We fixed PC12 cells under normal and hypo-osmotic conditions and stained them with monoclonal antibodies to the stress granule marker, PABPC1. In control cells, PABPC1 antibody staining shows ∼750 particles below 25 µm2 (Fig. 6A). When PLCβ1 is down-regulated, we find a large increase in PABPC1 particles from 25 to 100 µm2 suggesting that PLCβ1 is promoting the formation of larger particles. When we apply osmotic stress we find an increase in the number of particles between 25 and 50 µm2 (Fig. 6B). However, osmotic stress does not change the size or number of particles in cells where PLCβ1a has been down-regulated suggesting that osmotic stress and loss of PLCβ1 are not additive effects. In another series of studies, we stimulated cells with carbachol to activate Gαq (Fig. 6C). We find that stimulation produces a high number of particles up to ∼150 µm2 and down-regulating PLCβ1 does not greatly impact the size or number of PABPC1 particles. Taken together, these studies suggest that loss of PLCβ1 either from down-regulation, osmotic stress or binding to activated Gαq promotes the incorporation of PABPC1 into larger aggregates.
The size and number of particles associated with monoclonal anti-PABPC1 in the cytosol of fixed and immunostained PC12 cells was measured on a 100x objective and analyzed using Image J (see methods). A – Treatment of cells with siRNA(PLCβ1) results in the formation of larger aggregates relative to mock-transfected controls. An enlarged version of the plot is shown directly below to allow better comparison. B- While osmotic stress (150 mOsm, 5 minutes) does not affect the size or number of PABPC1-associated particles, PLCβ1 down-regulation causes a significant increase in particle size and number. C- Stimulation of Gαq by treatment with 5 µM carbachol also impacts particle size. All measurements are an average of 3 independent experiments that sampled 10 cells, where SD shown and where the p values was determined using ANOVA.
We then tested the effect of PLCβ1 on the size and number of particles associated with Ago2 by immunofluorescence. For Ago2, the number of smaller particles substantially increased when PLCβ1 was down-regulated (Fig. 7A). Unlike PABPC1, the size and number of Ago2-associated particles were not affected by osmotic stress, although an increase in the number of small particles with PLCβ1 down-regulation was still seen (Fig. 7B). Additionally, carbachol stimulation of Gαq resulted in an increase in the number of small particles (Fig. 7C).
In similar study in Fig. 6, the size and number of particles associated with anti-Ago2 in the cytosol of PC12 cells was measured on a 100x objective and analyzed using Image J (see methods). A – Treatment of cells with siRNA(PLCβ1) results in the formation of numerous small aggregates relative to mock-transfected controls. B- Subjecting cells to 5 minutes of osmotic stress (150 mOsm) does not affect the size or number of Ago2-associated particles while siRNA(PLCβ1) causes a significant increase in the number of small aggregates. C- Stimulation of Gαq by treatment with 5 µM carbachol results in the formation of a large number of small aggregates. Similar behavior is observed when PLCβ1 is down-regulated. D- Analysis of particles associated with mCherry-Ago2 in live PC12 cells under control, 150 mOsm osmotic stress for 5 minutes and 5µ carbachol stimulation. E- Particles associated with eGFP-PLCβ1 under basal (300 mOsm) and stress (150 mOsm, 5 min) conditions. Measurements in A-C are an average of 3 independent experiments that sampled 10 cells, while measurements in D-E are an average of 3 independent experiments that sampled 5 cells. For A-E, SD is shown and the p values were determined using ANOVA.

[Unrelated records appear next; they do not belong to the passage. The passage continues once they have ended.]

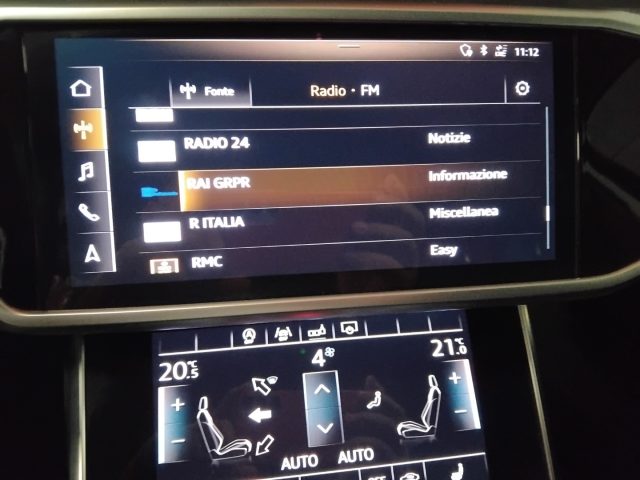 AUDI A6 usata 27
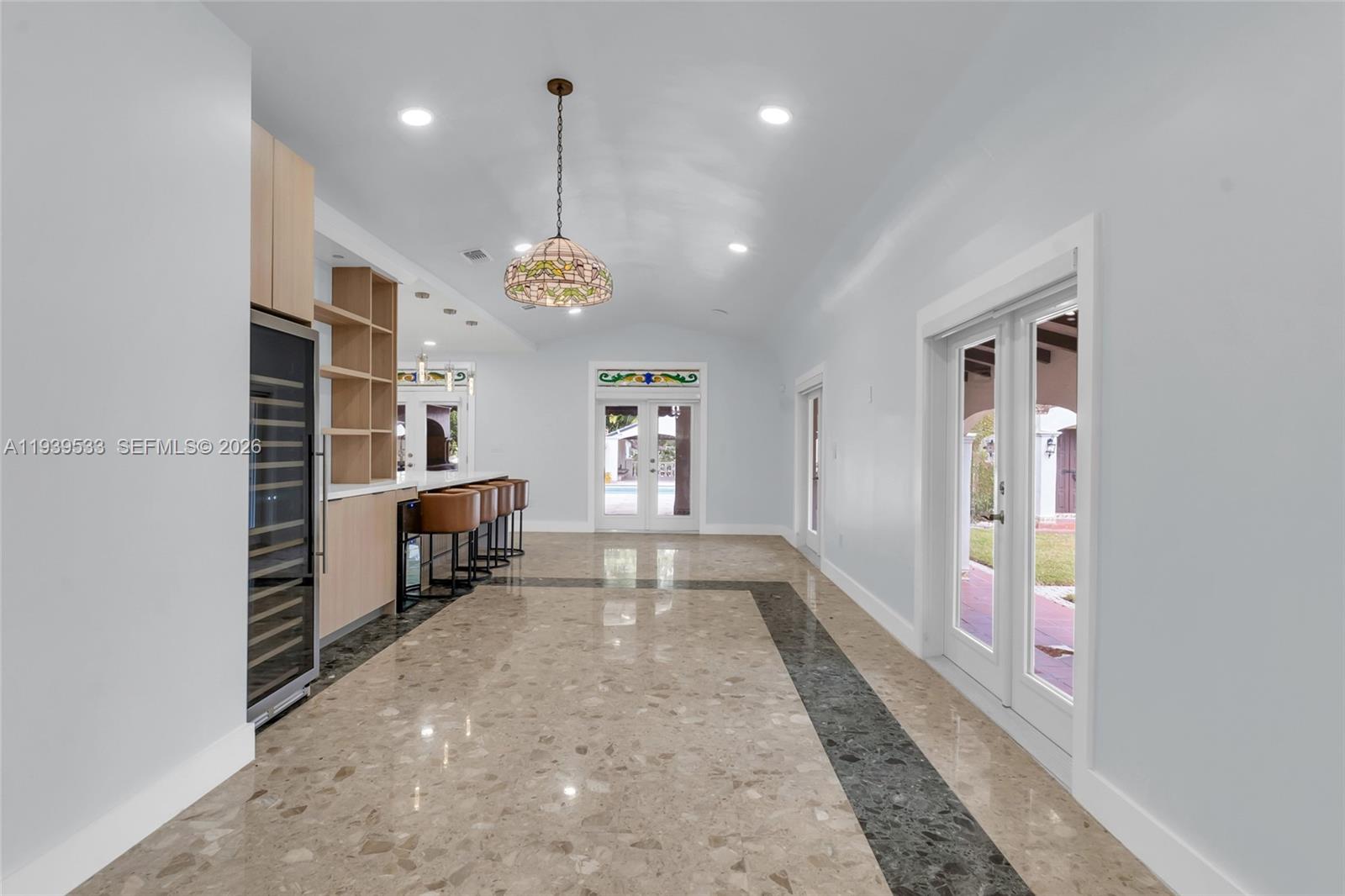 BIRD ROAD FARMSITES - Residential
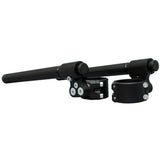 Woodcraft Black 35mm 7/8" Clip-On Handlebars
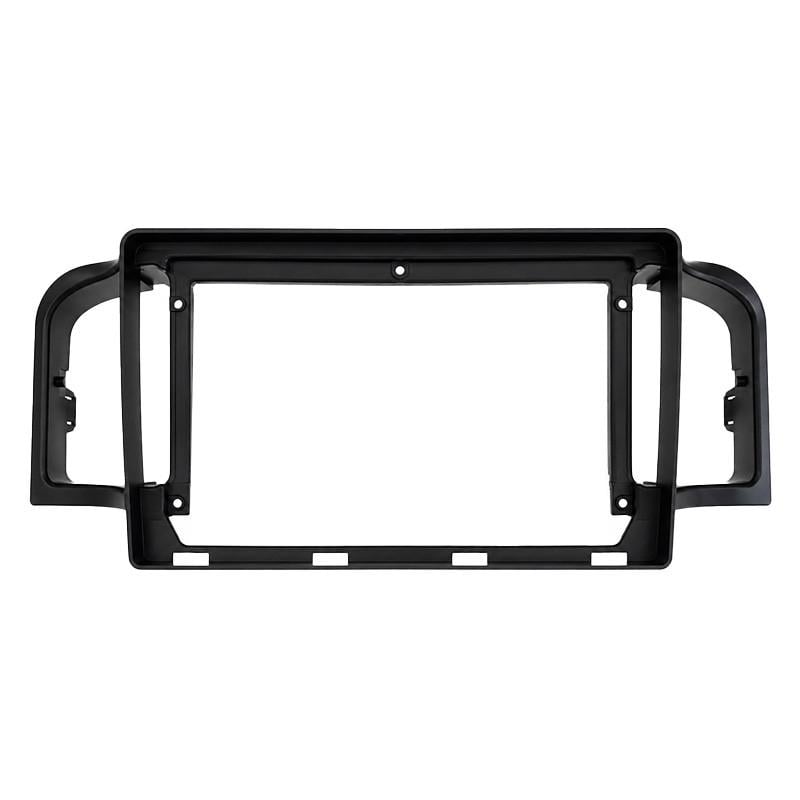 Переходная рамка Lesko для Lifan 620 Solano 2008-2013 1728 9" (35611551)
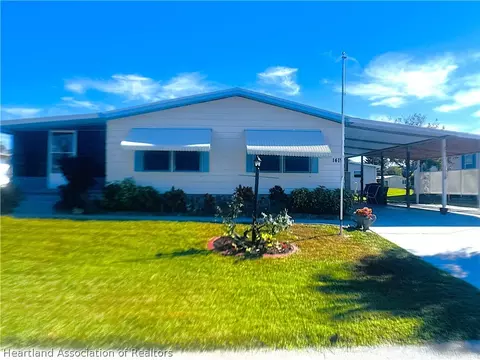 1419 Abbey Ln, Sebring, FL 33870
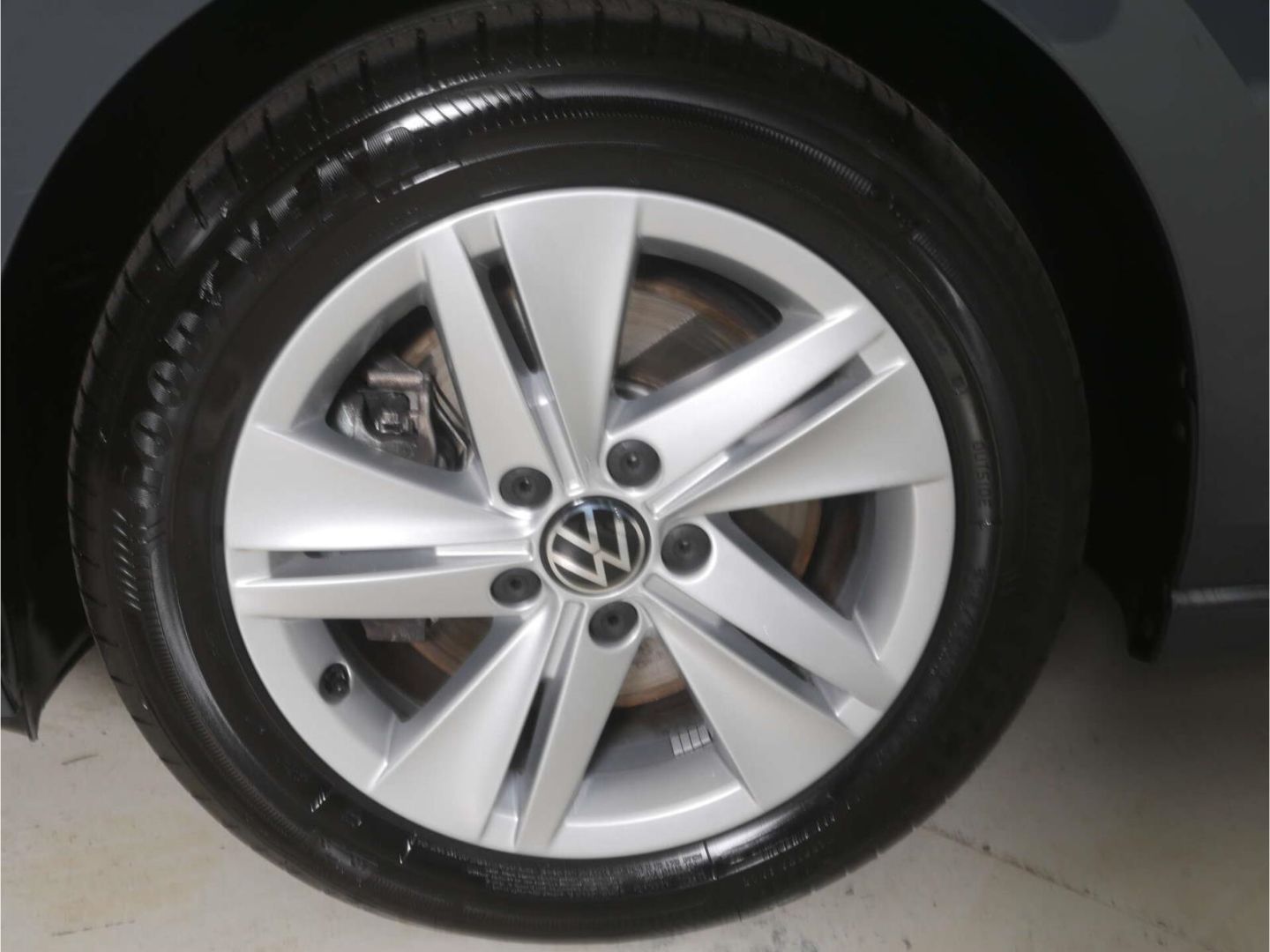 Volkswagen Golf Variant 2.0 TDI Life 6-Gg. LED/NAV/ACC/RFK foto 8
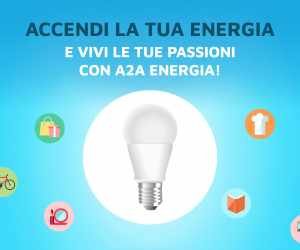 ACCENDI LA TUA ENERGIA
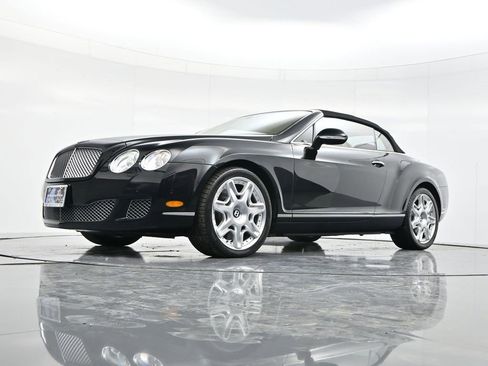 Used 2011 Bentley Continental Mulliner image 30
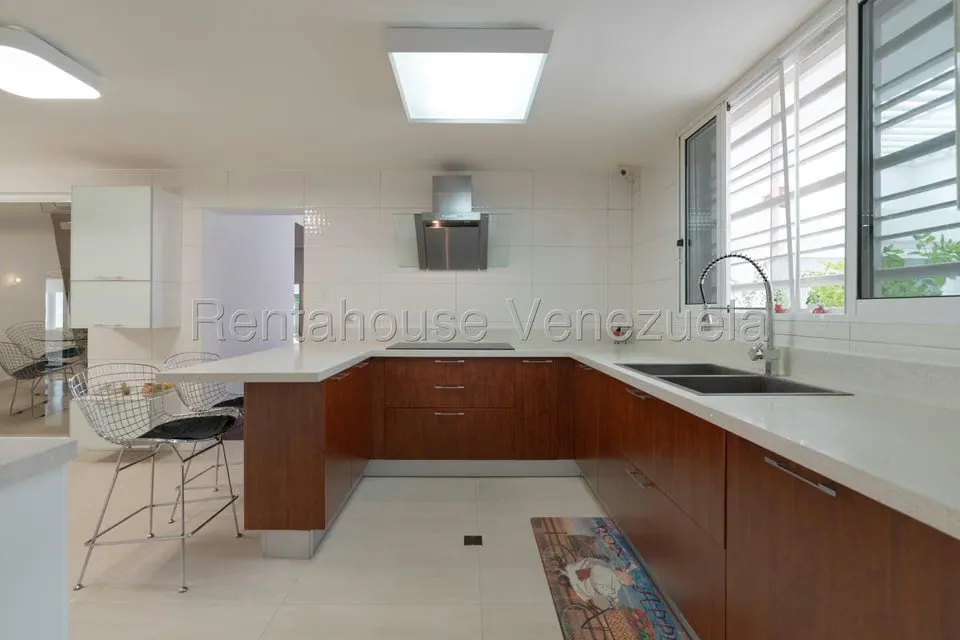 Casa (Duplex) en Venta en Santa Fe Norte, Distrito Metropolitano - 18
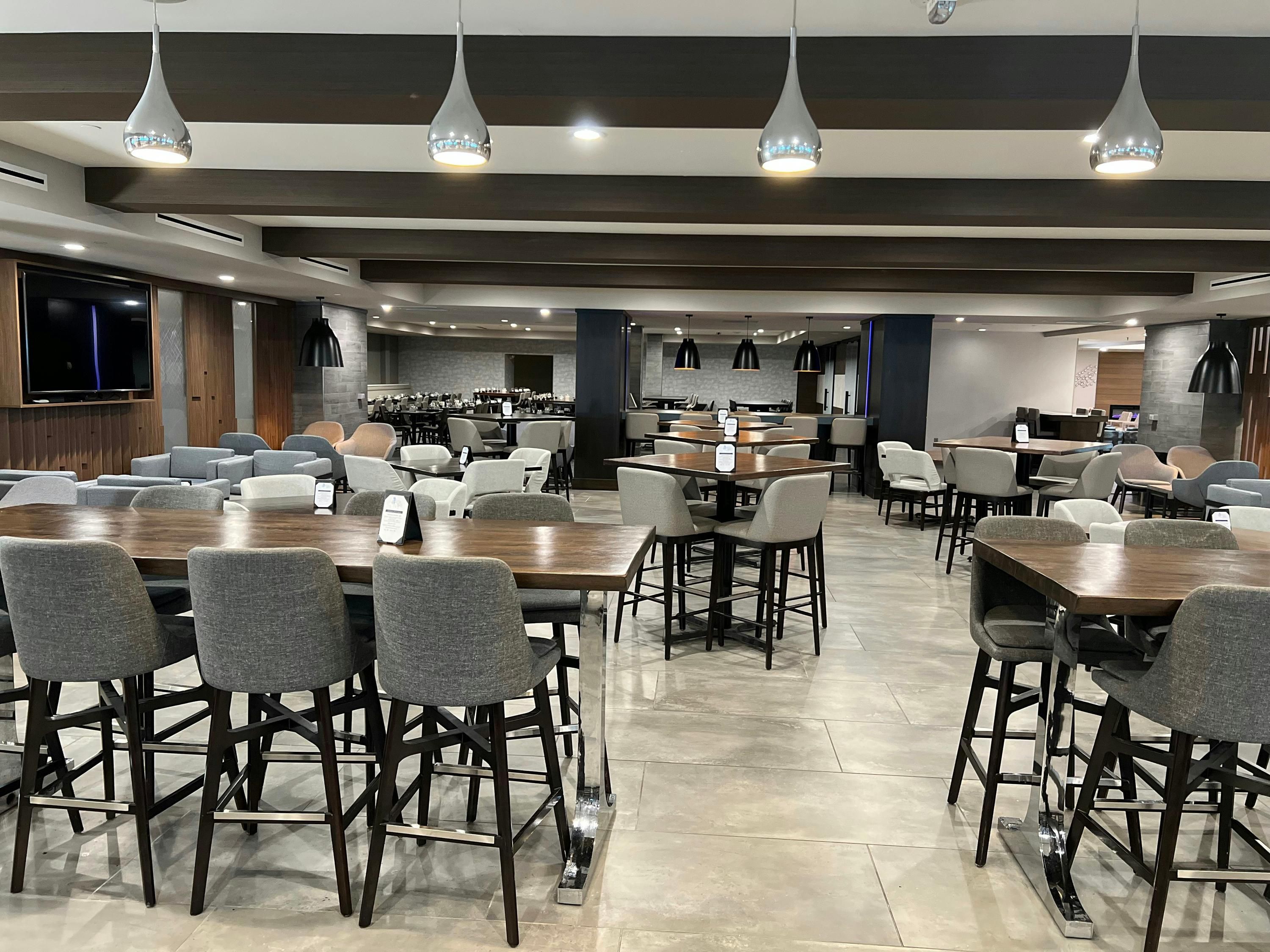 Restaurang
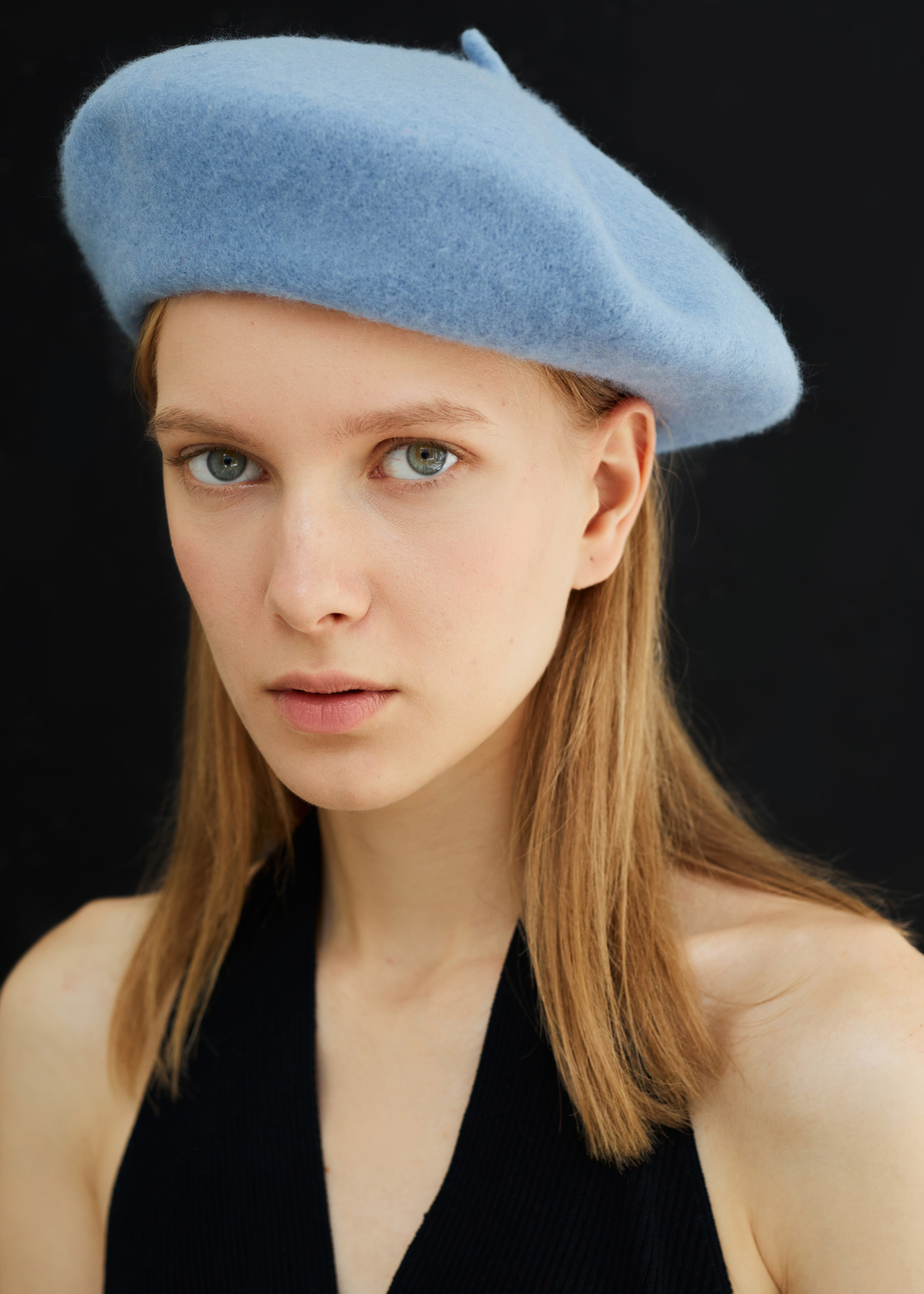 Ольга. Фотограф Ирина Бутко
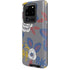 Autumn Grey Floral Galaxy S20 Ultra 5G Pro Case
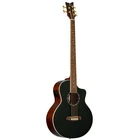 Ortega D8CE-5 Deep Acoustic Bass New. Price: $460.84.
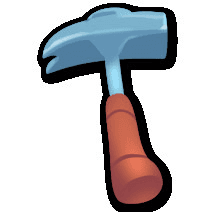 Gambar Product Hammer / Iron Hammer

The studies above were carried out in fixed, stained cells. We also followed Ago2 particle formation in live cells by transfecting PC12 cells with mCherry-Ago2. While the number and areas varied somewhat with the level of transfection, the results show the same trend as the immunostained samples (Fig. 7D), (i.e. Gαq stimulation or osmotic stress increases the number of smaller mCherry-Ago2 associated particles). These studies indicate that reduction of cellular PLCβ1 helps to drive Ago2 to small cellular particles.
While the increase in PABPC1 and Ago2 particle assemblies could simply be due to the loss of cellular PLCβ1, it may also be due to removal of PLCβ1 from pre-formed particles. To address this question, we transfected PC12 cells with eGFP-PLCβ1 and analyzed the particles (Fig. 7E). We could not detect particles below 400 µm2 after which the number climbed to ∼1000. No differences were found in cells subjected to osmotic stress. These data suggest that PLCβ1 does not associate with large particles in the cell. In support of this idea, we used fluorescence correlation spectroscopy to monitor changes in the diffusion of eYFP-PLCβ1 when osmotic stress is applied. We find the diffusion coefficient is unchanged at 4.2 +/-0.4 µm2/s during the first 10 minutes of exposure to osmotic stress.
The differences in the size and number of PABPC1 versus Ago2 particles suggest they partition into different types of granules. We tested this idea by monitoring the effect of PLCβ1 and osmotic stress on the colocalization between Ago2 and PABPC1 (Fig. 8). Under normal osmolarity, we find little colocalization between the proteins both at endogenous and knocked-down levels of PLCβ1. However, when the cells are subjected to osmotic stress, colocalization between the species increases, and this increase is more pronounced when PLCβ1 is down-regulated. These results suggest that PABPC1 and Ago2 form distinct particles that may begin to fuse or associate under high stress conditions, such as loss of cytosolic PLCβ1 and osmotic stress.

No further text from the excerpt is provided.